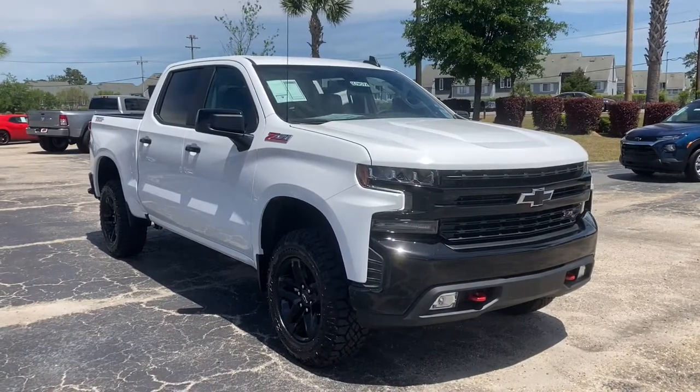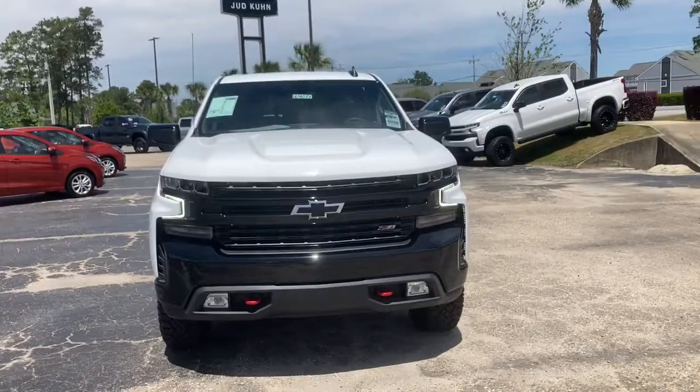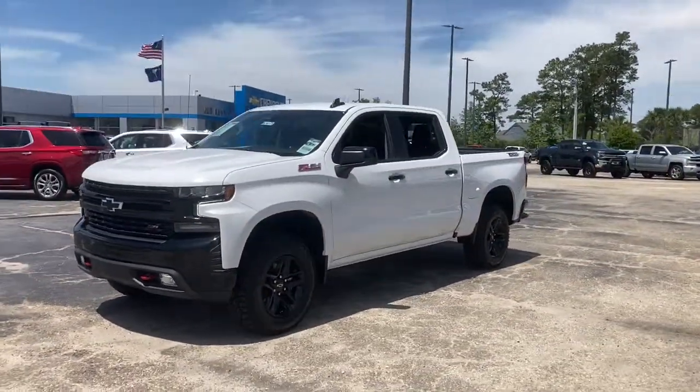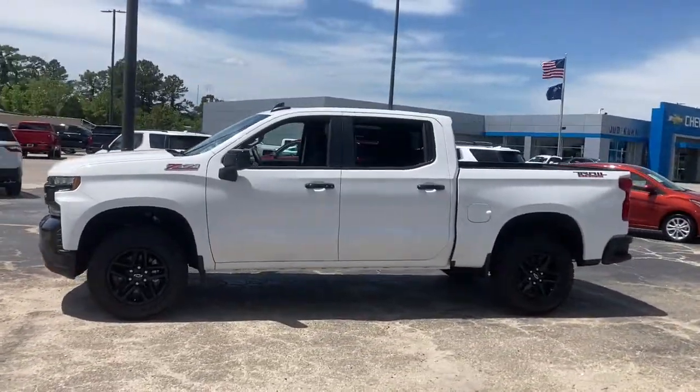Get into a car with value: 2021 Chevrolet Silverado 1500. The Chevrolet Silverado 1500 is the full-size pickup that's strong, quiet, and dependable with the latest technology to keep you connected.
...
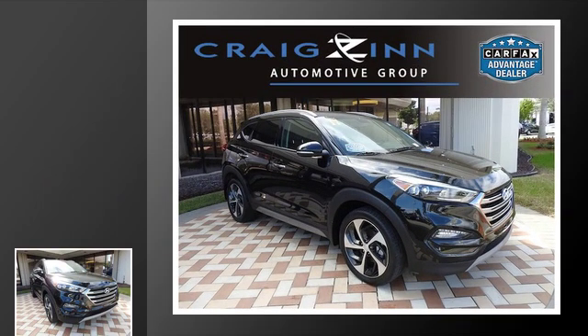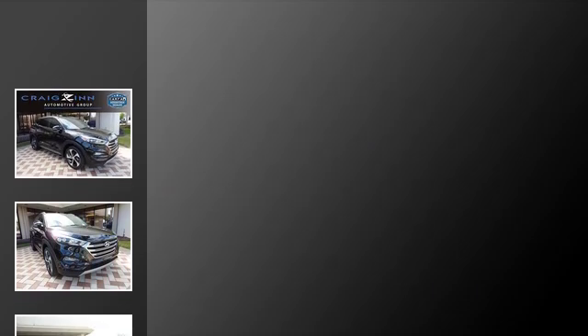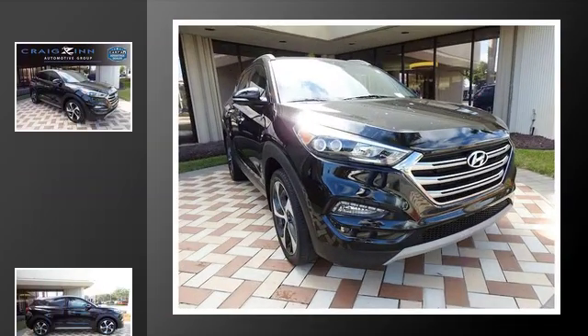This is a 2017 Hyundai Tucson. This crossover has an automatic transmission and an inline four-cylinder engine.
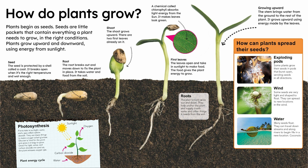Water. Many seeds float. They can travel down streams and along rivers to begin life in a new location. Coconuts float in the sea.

• Description of the task: Write down exactly what the lines above say, from the line holding "This is a 2017" through the line holding "Water. Many seeds", and nothing more. Do not copy the pictures.

• Response box:
This is a 2017 Hyundai Tucson. This crossover has an automatic transmission and an inline four-cylinder engine.
Water. Many seeds float. They can travel down streams and along rivers to begin life in a new location. Coconuts float in the sea.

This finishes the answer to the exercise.